I do not understand why, in choosing travel accommodation, some people would say dismissively, “oh, we’re just sleeping there anyway.”  Hotels, inns, bed-and-breakfasts, hostels, homestays – are they nothing more than places to sleep?  I think not.  They are an essential part of the whole travel experience.  In fact, some of my memorable experiences on the road involve--and revolve around--the places I stayed at.

Here are my favorites:

Teresek View Motel, Kuala Tahan, Pahang, Malaysia

This inn is included in the tour package for Taman Negara National Park that we got so I had no idea how it would be like.  It turned out really crummy:  the smell of durian that pervaded the place and engulfed the senses; a bathroom you wouldn’t want to set your foot in without slippers on; the smell of moldy linens camouflaged by perfume; a ‘private’ balcony that turned out to be not so private after all.  But our stay at Teresek View became the highlight of our trip. The sheer shabbiness of the place changed the way I look at life on the road and life in general.  It taught me that when I’m in a foreign place I can’t afford to be fussy and fastidious, and yielding to the place and to the moment is the best way to have fun. From then on, travel became less of a ‘vacation’ but more of experiencing both the niceties and nastiness of every day.     

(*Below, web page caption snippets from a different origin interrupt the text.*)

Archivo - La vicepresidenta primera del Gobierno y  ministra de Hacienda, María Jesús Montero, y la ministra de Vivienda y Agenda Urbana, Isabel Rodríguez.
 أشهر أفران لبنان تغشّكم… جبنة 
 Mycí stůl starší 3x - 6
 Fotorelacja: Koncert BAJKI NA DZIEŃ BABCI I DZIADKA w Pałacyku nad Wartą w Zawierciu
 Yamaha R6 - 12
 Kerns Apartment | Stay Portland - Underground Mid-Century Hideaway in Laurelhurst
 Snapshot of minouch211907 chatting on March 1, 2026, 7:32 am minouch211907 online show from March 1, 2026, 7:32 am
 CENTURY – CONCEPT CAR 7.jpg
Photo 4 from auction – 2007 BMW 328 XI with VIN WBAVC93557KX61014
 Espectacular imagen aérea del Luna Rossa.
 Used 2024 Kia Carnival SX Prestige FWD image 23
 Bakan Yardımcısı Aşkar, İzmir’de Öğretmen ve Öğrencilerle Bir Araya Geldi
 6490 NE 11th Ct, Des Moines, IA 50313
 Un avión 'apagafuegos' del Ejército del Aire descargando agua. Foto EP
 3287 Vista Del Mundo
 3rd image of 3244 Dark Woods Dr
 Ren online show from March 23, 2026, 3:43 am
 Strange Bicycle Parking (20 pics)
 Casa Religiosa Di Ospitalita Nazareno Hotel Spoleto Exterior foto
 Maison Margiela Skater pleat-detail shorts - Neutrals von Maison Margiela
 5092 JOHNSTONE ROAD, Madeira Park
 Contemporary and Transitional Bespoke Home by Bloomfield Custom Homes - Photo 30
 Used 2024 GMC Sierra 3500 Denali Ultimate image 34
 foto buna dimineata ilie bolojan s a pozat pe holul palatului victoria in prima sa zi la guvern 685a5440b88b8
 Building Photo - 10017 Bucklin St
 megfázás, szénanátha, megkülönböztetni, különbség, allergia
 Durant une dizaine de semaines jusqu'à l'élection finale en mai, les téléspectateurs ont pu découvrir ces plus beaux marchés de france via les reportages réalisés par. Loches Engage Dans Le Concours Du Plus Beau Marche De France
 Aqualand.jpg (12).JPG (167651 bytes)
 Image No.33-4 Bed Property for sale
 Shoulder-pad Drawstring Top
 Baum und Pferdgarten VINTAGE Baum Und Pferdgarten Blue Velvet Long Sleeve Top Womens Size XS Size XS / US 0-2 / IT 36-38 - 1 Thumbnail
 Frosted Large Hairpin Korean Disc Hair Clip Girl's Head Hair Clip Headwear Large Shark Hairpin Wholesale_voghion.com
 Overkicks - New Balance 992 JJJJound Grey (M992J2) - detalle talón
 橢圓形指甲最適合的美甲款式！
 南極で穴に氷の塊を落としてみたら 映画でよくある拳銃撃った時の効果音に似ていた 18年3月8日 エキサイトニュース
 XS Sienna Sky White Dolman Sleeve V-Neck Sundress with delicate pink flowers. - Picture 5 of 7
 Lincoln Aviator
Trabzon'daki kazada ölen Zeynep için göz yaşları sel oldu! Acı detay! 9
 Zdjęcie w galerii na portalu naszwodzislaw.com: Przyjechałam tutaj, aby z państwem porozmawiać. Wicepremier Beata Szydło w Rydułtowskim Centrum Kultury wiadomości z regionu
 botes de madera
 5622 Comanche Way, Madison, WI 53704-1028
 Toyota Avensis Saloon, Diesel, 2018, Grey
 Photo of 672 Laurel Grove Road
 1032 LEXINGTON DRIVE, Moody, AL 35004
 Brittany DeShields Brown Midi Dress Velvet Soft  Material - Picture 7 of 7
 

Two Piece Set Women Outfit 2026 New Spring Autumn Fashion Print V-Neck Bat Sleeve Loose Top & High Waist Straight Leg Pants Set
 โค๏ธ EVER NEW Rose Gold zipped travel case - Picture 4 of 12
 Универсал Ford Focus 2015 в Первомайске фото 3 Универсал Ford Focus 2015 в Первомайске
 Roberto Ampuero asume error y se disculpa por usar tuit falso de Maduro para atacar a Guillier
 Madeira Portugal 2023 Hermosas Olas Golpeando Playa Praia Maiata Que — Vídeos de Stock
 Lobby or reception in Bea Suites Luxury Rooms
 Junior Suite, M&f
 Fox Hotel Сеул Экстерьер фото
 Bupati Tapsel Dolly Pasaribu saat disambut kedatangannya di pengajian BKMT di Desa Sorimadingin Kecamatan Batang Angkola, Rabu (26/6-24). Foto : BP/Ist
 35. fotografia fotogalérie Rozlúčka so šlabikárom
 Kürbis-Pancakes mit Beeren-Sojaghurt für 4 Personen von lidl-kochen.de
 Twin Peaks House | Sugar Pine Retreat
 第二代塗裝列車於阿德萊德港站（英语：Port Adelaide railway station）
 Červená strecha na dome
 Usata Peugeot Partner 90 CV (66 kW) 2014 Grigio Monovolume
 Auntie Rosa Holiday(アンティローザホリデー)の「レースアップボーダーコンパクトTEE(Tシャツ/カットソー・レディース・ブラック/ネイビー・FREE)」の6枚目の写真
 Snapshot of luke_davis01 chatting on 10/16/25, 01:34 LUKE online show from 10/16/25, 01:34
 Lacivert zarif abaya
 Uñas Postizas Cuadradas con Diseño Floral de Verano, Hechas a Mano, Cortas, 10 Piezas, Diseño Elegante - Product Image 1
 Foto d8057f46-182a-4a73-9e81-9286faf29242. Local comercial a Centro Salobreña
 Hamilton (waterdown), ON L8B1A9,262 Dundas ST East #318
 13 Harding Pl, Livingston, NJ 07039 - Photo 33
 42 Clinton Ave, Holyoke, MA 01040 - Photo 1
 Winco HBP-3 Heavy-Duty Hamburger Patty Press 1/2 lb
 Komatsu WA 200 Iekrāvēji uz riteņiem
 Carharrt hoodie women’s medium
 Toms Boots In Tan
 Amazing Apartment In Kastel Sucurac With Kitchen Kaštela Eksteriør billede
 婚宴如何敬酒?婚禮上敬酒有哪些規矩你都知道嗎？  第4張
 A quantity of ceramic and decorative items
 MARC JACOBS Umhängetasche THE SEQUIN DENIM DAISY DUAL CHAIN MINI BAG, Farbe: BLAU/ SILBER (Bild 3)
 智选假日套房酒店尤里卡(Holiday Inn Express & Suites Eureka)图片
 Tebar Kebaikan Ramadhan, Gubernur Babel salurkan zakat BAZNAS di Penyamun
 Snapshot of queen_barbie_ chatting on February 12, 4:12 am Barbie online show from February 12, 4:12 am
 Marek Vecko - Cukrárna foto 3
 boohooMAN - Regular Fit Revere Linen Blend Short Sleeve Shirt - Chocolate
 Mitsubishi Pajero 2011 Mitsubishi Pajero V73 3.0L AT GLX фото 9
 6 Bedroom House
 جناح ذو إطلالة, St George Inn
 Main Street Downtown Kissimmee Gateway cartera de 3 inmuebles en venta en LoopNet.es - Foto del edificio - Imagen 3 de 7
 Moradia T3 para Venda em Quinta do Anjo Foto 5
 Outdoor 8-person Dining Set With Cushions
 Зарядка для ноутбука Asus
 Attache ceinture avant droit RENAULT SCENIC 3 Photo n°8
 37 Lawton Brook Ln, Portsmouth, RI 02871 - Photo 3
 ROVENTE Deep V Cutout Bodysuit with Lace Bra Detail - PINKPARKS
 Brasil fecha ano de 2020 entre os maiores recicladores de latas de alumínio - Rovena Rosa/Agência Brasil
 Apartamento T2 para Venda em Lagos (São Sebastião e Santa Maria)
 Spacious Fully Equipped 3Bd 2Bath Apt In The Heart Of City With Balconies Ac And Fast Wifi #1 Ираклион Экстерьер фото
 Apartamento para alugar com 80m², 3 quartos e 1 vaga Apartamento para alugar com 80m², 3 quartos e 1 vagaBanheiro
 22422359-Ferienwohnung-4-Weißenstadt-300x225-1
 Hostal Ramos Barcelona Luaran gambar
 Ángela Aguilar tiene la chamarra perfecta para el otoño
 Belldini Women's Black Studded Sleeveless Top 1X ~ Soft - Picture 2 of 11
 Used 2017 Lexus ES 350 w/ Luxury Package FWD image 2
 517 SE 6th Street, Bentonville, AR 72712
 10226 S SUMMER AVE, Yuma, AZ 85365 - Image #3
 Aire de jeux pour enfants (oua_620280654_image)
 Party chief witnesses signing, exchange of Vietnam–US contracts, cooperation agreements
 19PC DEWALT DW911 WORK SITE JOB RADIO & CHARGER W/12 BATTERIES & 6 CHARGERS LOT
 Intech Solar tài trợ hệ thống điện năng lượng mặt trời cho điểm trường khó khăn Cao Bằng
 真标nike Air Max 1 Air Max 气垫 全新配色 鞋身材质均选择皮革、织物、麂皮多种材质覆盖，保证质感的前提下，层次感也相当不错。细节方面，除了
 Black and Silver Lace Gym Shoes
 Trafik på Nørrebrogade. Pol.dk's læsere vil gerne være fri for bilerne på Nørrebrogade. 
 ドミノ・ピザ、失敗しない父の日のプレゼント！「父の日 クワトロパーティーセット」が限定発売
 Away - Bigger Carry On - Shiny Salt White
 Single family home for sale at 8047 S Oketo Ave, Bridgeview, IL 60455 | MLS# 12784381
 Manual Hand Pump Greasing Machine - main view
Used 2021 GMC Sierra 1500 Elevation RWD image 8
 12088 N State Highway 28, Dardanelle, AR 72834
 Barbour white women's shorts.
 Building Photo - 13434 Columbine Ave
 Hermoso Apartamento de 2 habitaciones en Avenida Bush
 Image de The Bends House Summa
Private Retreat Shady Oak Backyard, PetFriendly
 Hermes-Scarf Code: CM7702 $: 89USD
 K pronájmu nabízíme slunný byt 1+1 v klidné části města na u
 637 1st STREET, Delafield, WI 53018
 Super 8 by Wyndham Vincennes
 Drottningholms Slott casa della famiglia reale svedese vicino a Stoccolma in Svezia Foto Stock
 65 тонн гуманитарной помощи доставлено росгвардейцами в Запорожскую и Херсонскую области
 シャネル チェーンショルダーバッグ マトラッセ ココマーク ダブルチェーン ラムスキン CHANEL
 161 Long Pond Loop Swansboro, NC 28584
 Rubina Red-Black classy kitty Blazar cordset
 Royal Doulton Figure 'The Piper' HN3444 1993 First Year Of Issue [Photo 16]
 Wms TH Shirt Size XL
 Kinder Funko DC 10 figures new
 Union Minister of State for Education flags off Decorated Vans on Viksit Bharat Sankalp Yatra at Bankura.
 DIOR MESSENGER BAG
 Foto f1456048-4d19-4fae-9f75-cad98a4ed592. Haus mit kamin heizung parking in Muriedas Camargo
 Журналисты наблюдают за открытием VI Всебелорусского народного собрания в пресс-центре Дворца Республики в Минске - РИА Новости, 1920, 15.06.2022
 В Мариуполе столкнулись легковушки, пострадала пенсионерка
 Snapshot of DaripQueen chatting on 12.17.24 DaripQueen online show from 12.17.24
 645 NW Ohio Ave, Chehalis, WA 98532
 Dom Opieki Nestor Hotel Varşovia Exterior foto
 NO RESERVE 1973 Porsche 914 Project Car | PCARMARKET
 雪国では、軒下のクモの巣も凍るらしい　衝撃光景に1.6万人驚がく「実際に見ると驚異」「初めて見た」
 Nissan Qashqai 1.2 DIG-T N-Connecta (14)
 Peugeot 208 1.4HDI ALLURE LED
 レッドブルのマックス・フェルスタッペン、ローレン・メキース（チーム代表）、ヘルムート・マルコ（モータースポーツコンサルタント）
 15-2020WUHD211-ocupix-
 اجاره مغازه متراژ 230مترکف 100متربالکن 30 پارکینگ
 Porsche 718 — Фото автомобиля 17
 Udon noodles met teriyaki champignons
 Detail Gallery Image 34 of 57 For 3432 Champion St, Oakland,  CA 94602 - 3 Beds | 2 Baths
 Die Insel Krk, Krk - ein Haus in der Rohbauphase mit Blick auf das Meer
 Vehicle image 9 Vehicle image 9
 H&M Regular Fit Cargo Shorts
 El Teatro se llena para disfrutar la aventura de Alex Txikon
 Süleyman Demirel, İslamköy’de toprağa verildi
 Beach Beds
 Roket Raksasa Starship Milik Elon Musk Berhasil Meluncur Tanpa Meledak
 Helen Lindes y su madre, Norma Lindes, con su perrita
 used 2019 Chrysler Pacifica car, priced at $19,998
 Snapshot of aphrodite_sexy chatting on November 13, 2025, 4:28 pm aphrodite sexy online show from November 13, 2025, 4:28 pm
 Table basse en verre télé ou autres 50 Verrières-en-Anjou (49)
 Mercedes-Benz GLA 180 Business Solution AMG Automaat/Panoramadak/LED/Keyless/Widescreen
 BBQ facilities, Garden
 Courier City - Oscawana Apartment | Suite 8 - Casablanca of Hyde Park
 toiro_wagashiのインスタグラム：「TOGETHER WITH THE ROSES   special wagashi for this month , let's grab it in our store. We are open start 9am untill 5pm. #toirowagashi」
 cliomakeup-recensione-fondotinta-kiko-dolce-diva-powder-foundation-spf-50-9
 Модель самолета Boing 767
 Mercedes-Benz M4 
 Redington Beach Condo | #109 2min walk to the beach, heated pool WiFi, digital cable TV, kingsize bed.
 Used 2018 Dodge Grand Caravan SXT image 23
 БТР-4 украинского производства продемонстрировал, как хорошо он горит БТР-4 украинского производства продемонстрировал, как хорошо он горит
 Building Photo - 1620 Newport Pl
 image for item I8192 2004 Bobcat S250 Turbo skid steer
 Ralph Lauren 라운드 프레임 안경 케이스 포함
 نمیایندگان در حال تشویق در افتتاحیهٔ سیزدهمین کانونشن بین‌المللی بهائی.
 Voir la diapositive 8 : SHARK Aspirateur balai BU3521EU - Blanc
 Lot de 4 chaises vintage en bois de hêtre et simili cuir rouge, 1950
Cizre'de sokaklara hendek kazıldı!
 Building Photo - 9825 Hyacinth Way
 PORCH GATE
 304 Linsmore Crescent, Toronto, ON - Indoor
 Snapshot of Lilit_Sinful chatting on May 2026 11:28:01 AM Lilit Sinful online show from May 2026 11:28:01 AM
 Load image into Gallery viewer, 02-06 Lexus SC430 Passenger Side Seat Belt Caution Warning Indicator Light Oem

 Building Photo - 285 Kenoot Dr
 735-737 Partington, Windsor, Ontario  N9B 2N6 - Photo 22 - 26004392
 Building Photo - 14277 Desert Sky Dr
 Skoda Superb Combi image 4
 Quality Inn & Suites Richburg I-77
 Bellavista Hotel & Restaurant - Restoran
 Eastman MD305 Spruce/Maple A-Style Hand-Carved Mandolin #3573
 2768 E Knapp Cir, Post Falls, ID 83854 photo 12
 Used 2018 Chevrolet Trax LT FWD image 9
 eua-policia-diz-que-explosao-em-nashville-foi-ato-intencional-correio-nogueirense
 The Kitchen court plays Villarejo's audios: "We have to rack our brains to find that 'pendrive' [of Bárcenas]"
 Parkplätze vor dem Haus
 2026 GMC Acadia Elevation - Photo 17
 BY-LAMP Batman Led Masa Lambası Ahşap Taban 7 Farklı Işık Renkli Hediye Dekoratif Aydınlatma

Umaid Bhawan Hotel, Jaipur, India

Umaid Bhawan is a favorite for how it looks. I felt like a maharani staying in such a swanky place.

Royal Suite, Umaid Bhawan Hotel, Jaipur, India

Hotel Centre Pointe Silom, Bangkok, Thailand

It was my first time to go to Bangkok when we stayed at Centre Pointe.  I thought at that time that the high-rise hotel with its sanitized feel and modern facilities looked incongruous with the chaos that surrounded it. Stepping out of its doors, we were greeted by the ceaseless tumult of everyday life: colorful tuktuks all around, people walking to the Saphan Taksin pier to catch a riverboat taxi, street vendors hawking charcoal-grilled fish, yen ta four, rompers, dragon fruits, lottery tickets—an entire world of goodies that enchant wide-eyed tourists like me. Without this incessant commotion in its surroundings, Centre Pointe would be like any other nice yet dull hotel.

8 Auspicious Him View Hotel, McLeod Ganj, Dharamsala, India

I am not a religious person, but I loved how this inn named and decorated their rooms with the eight auspicious symbols of Buddhism. We stayed at the White Conch room wherein I can see the stunning Dhauladhar range without having to get up from bed.
White Conch Room, 8 Auspicious Him View Hotel, McLeod Ganj, Dharamsala, India

The Green House, Urubamba, Huaran, Peru

The Green House remains my favorite among all the hotels and inns I’ve stayed. Let me quote from a post I’ve written earlier:

 The Green House offered us a restorative sojourn. Located in the heart of Peru’s Sacred Valley, this bed-and-breakfast became our sanctuary from noise and disquiet, a place where the din of hooting horns, screaming brakes and prattling tourists is refreshingly absent and the modest sound of the stream behind our room blended with the place’s tranquil silence.

Its splendid isolation, away from life’s daily disruptions and distractions, rewarded us with the rare chance to be together - to go on quiet walks, discover the depths and delights of the community, picnic on freshly baked bread and fruits in the middle of harvested corn fields and drink in the magnificence of the Andes.